Die SPD-Kreistagsfraktion hat sich jüngst als einzige Partei im Sozialausschuss für die Wohlfahrtsverbände im Kreis Wesel stark gemacht. In einem Antrag forderte sie, die Zuschüsse an die Wohlfahrtsverbände entsprechend der jährlichen Inflationsrate anzupassen. Für diese sogenannte ‘Dynamisierung‘ sollte die Verwaltung ein Konzept entwickeln. Der SPD-Antrag wurde durch Gegenstimmen von CDU, Bündnisgrünen, FDP und AfD abgelehnt.

 

Für Riekemann ist das Votum der Parteien nicht nachvollziehbar: „Die Arbeit der Wohlfahrtsverbände ist unerlässlich für das soziale Miteinander. Offensichtlich wird der hohe Wert unserer Angebote für die Bürger*innen nicht von allen Parteien gleichermaßen anerkannt. Nur so kann man sich erklären, wieso sie dem Antrag der SPD nicht zustimmten.“  

 

Während die Parteien also auf die Fortführung der jetzigen Rahmenbedingungen bestehen, bangen die Wohlfahrtsverbände um die gesicherte Fortführung ihrer Angebote. Dies sei nicht nur enttäuschend, sondern auch unverständlich vor dem Hintergrund, dass die Anpassung der Zuschüsse an die Inflationsrate eine vergleichsweise geringe Ausgabe für den Kreishaushalt darstellen würde. „Hier wird am falschen Ende gespart“, so Riekemann. „Es ist hinreichend bekannt, dass präventive Arbeit, wie wir sie beispielsweise in unseren Beratungsstellen und Jugendzentren leisten, kostengünstiger ist, als mögliche Folgeschäden zu beheben.“  

 

Die Vertreter*innen der Arbeitsgemeinschaft der Wohlfahrtsverbände im Kreis Wesel haben Anfang dieses Jahres einen Forderungskatalog aufgestellt, der den politischen Vertretungen im Kreis Wesel zugegangen ist.
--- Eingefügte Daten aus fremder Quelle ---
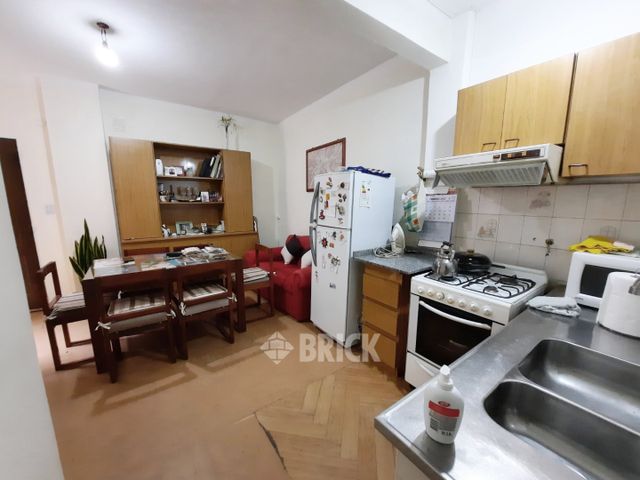 MORELOS al 300 Piso PB 8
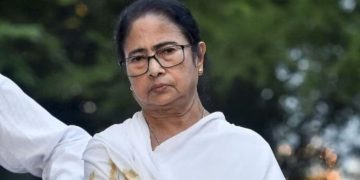 Mamata Banerjee: ‘मृत्यु कुंभ में बदला महाकुंभ…’, CM ममता बनर्जी ने यूपी सरकार पर लगाए आरोप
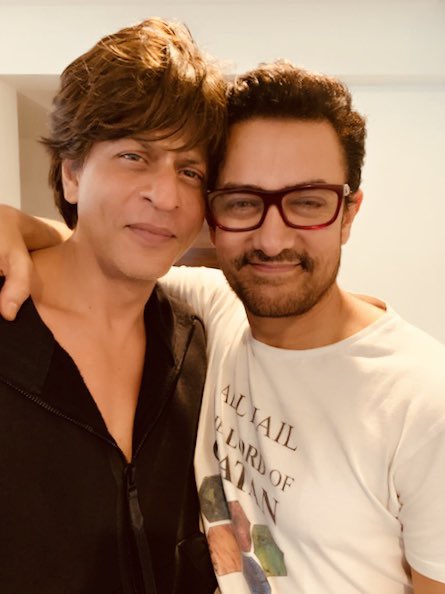 Zero trailer: Aamir Khan praises Shah Rukh Khan, shares hug with the 'thug' Aamir Khan,Zero trailer,zero trailer review,Aamir Khan watches Zero trailer,Aamir Khan and Shah Rukh Khan,Shah Rukh Khan,Shah Rukh Khan zero trailer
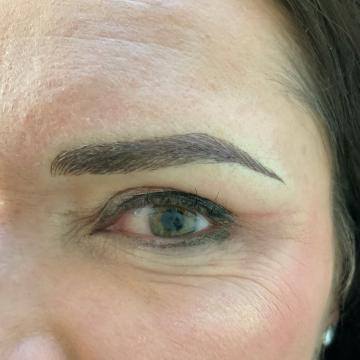 Pacientka po operaci převislých horních očních víček a po úpravě obočí japonskou metodou microblading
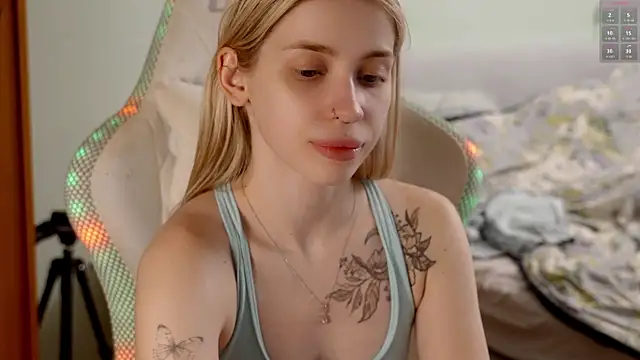 ho1yho1e Chat XXX in diretta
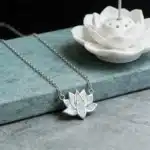 Collier femme lotus opale argent 3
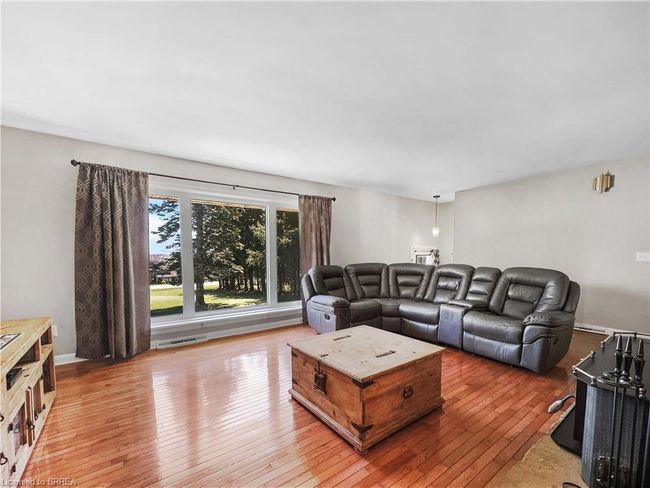 43 Pleasant Ridge Rd, House other with 3 bedrooms, 2 bathrooms and 14 parking in Brant ON | Image 8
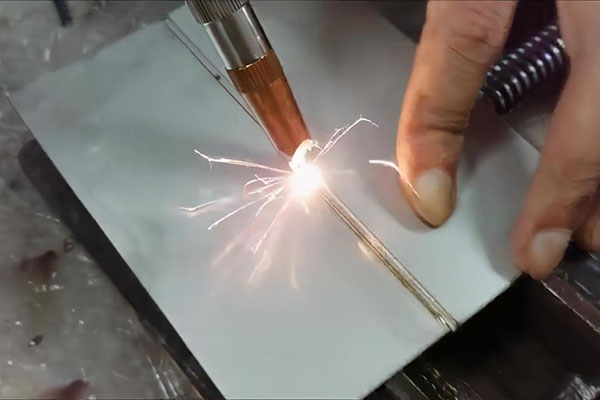 手持式激光焊接機(jī)與傳統(tǒng)焊接機(jī)比有什么優(yōu)勢(shì)？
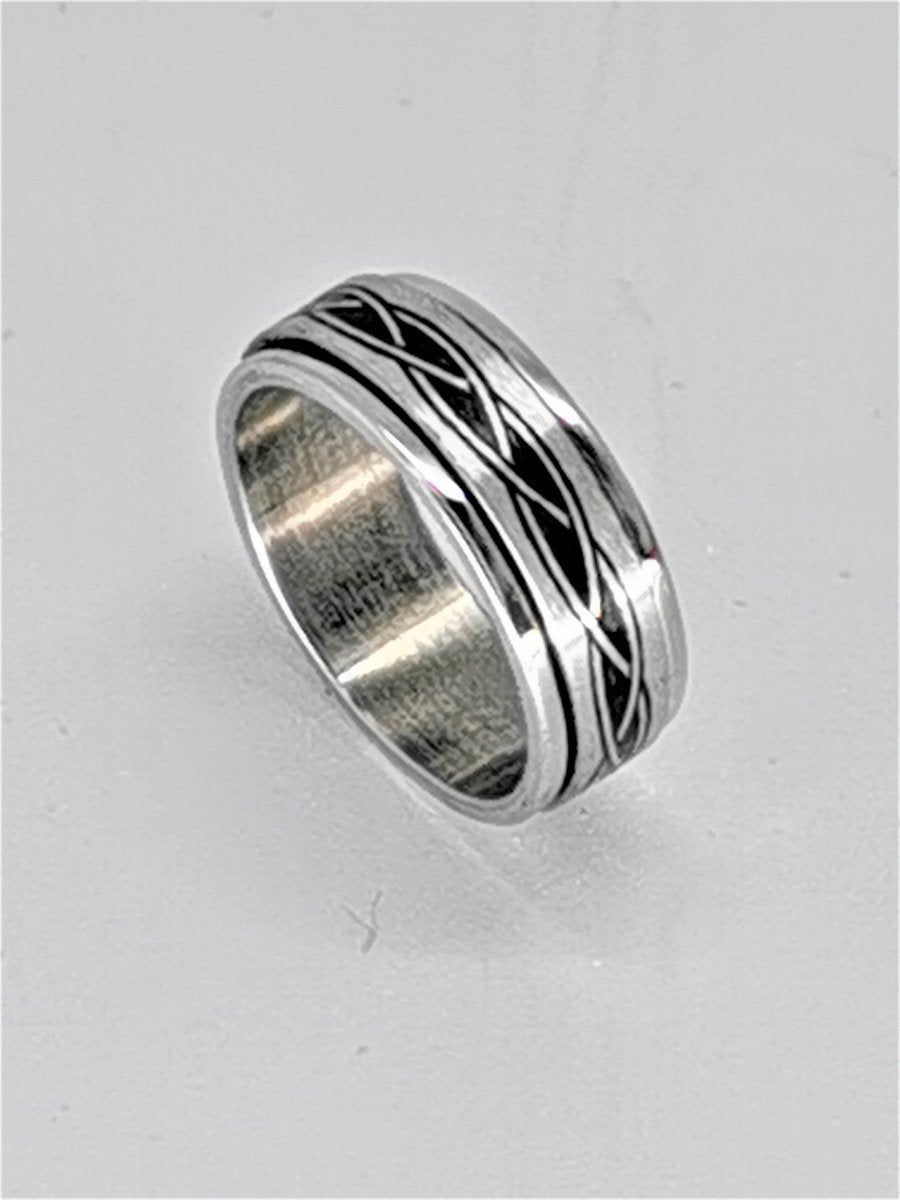 Stijlvolle RVS Anxiety Ring - Zilverkleurig met Vlechtmotief, 20 of groter, IJzer of Staal, Nieuw, Ophalen of Verzenden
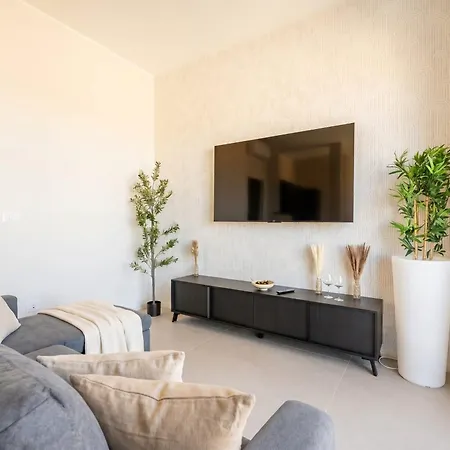Alta Vista Terrace Aparthotel 3*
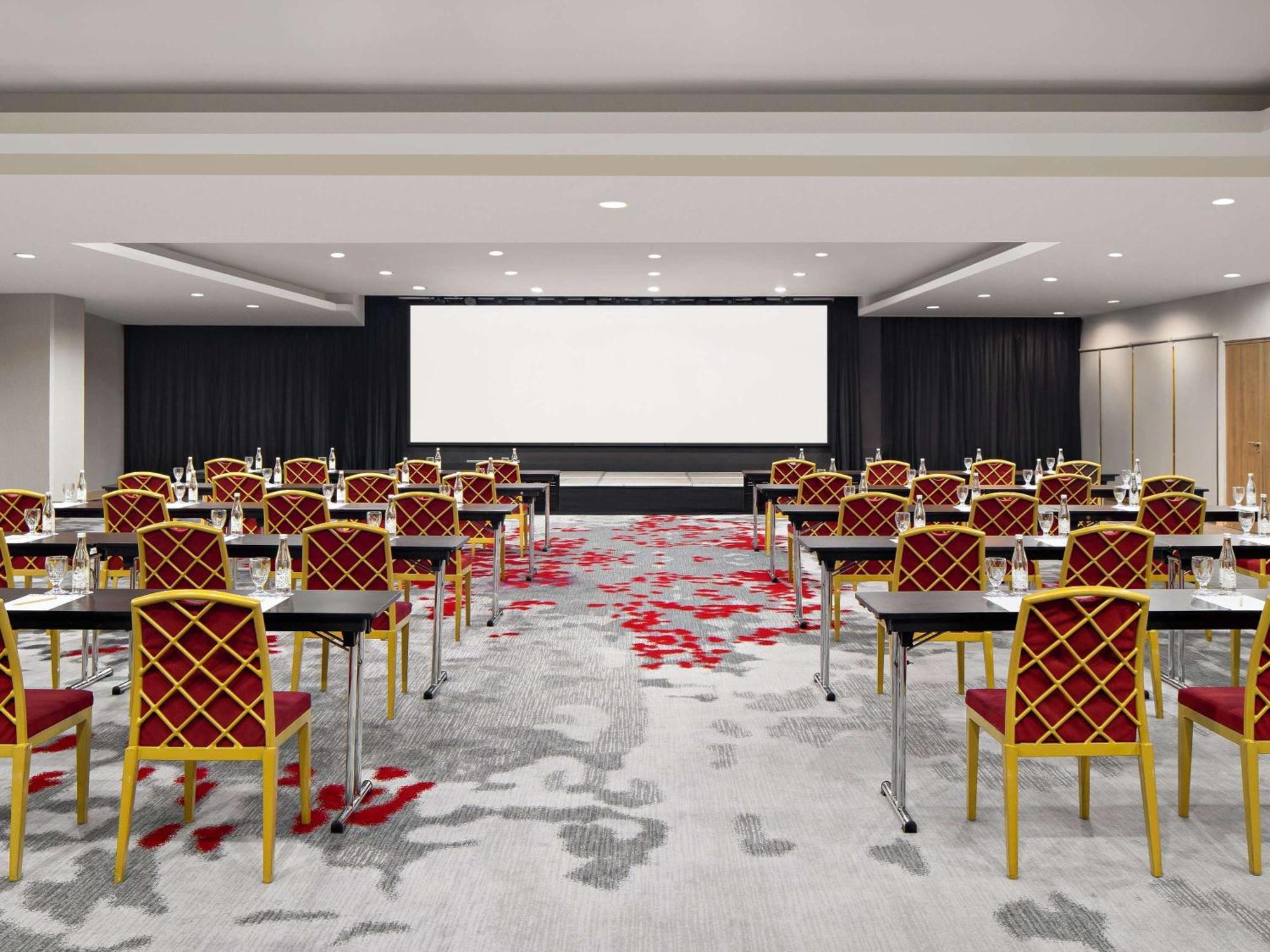 Novotel Jakarta Gajah Mada Ngoại thất bức ảnh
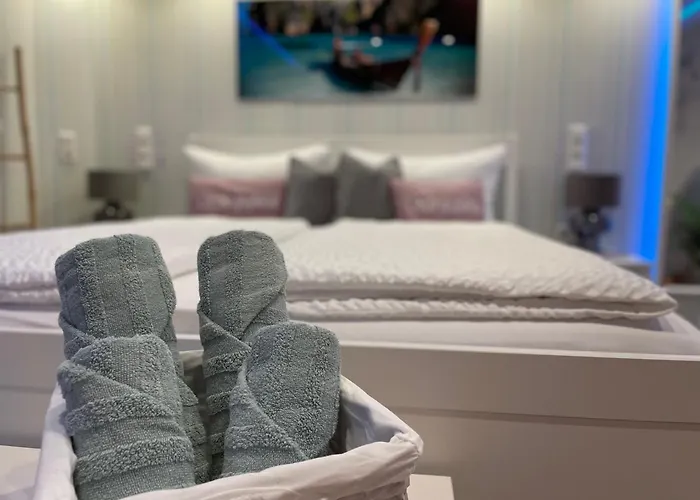 Moderne Zur Schlosshoehe Apartmán *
Derzeit werden diesbezüglich intensive Gespräche mit den Bürgermeister*innen in den einzelnen Kommunen geführt, bei denen es um die Auswirkungen der Corona-Pandemie auf besonders betroffene Personengruppen geht und weitere relevante Themen aus dem Forderungskatalog, z.B. die gleichberechtigte Teilhabe für alle in unserem Kreis lebenden Bürger*innen, bezahlbaren Wohnraum für jeden Menschen sowie Maßnahmen für die Klimafolgenanpassungen. Und es geht um die Finanzierung der Wohlfahrtsverbände und hier konkret um die strittigen, ständigen Forderungen des Kreises nach hoher Eigenanteilsübernahmen durch die Wohlfahrtsverbände.